Em suma, considerada toda
a evidência, aparentemente o texto autêntico e original de Marcos, tal como
este Evangelho foi conservado, termina em 16:8. Portanto, não é prudente basear
doutrinas nos versículos 9-20.
Bibliografia
Bruce, Frederick Fyvie: Answers to questions. The Paternoster Press, 1972 (p. 155).
Kümmel, Werner Georg. Introduction to the New Testament. Rev. English Ed. Trad. Howard
Clark Kee. Nashville: Abingdon Press, 1975 (p. 98-101).
Ladd, George Eldon. Crítica del Nuevo Testamento: Una perspectiva evangélica. Trad.

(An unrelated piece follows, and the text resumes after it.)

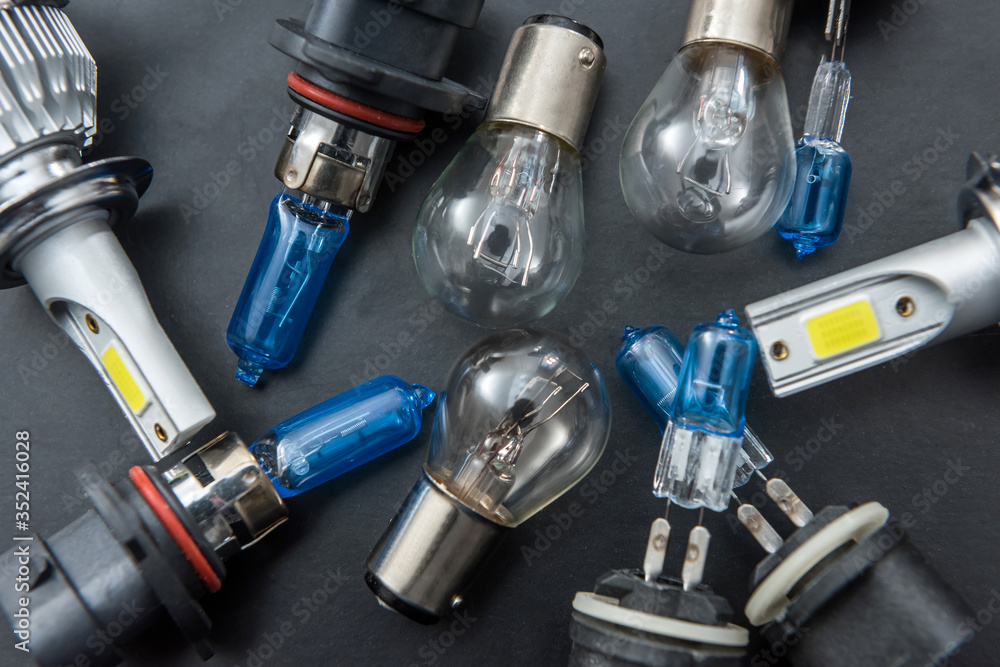 different headlight lamp on dark background. Modern diod halogen and other lamp glass different headlight lamp on dark background. Modern diod halogen and other lamp glass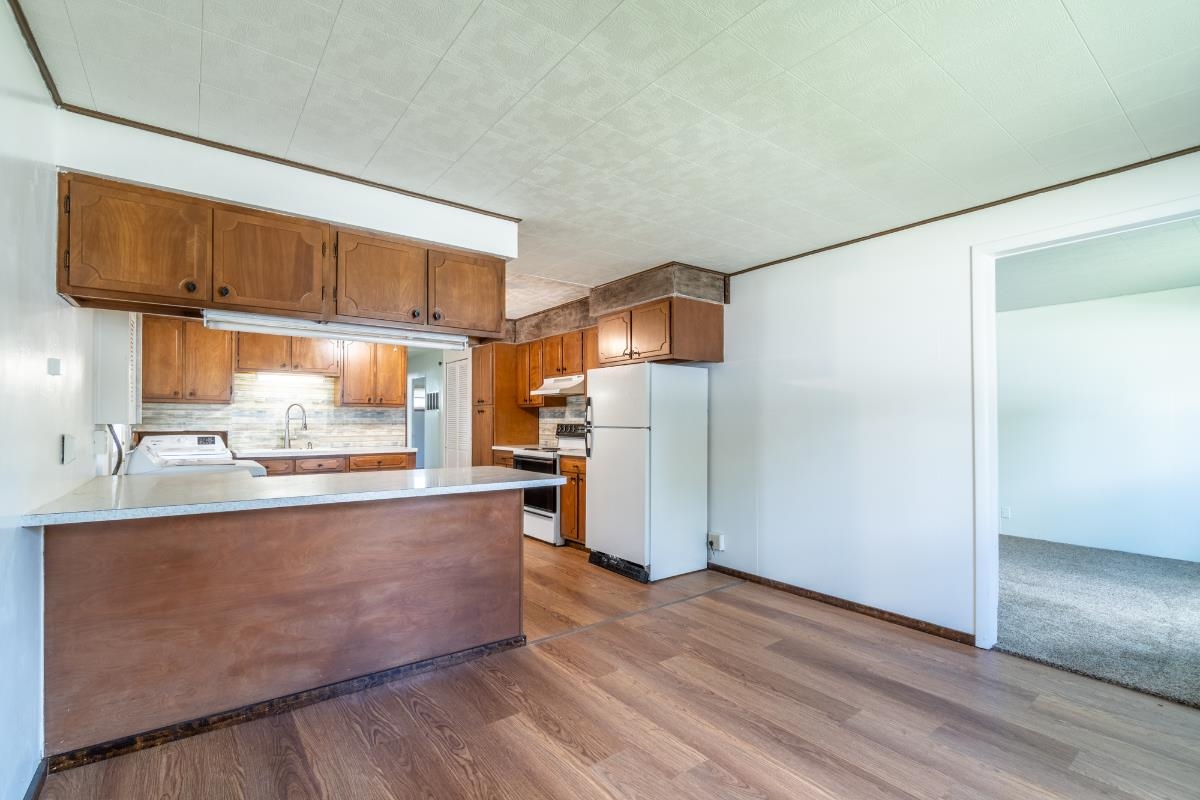 Kitchen featuring wood-finish flooring, wood cabinetry, a breakfast bar with a light-toned countertop, and a tiled backsplash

Moisés Chávez. El Paso: Mundo Hispano, 1990 (p. 56-59).
Leon-Dufour, Xavier. Los evangelios sinópticos. Em Augustin
George e Pierre Grelot (Dirs.), Introducción
Crítica al Nuevo Testamento. Trad. J. Cabanes e M. Villanueva. Barcelona:
Herder, 1982 (pp. 293-295).
Metzger, Bruce M. The
text of the New Testament: Its transmission, corruption and restoration, 3ª
Ed. New York: Oxford University Press, 1992 (p. 226-228, 296-297).
Wessel, Walter W.. Mark. Em Frank E. Gaebelein
(Gen.Ed.), The Expositor’s Bible
Commentary. Grand Rapids: Zondervan, 1984 (8:791-793).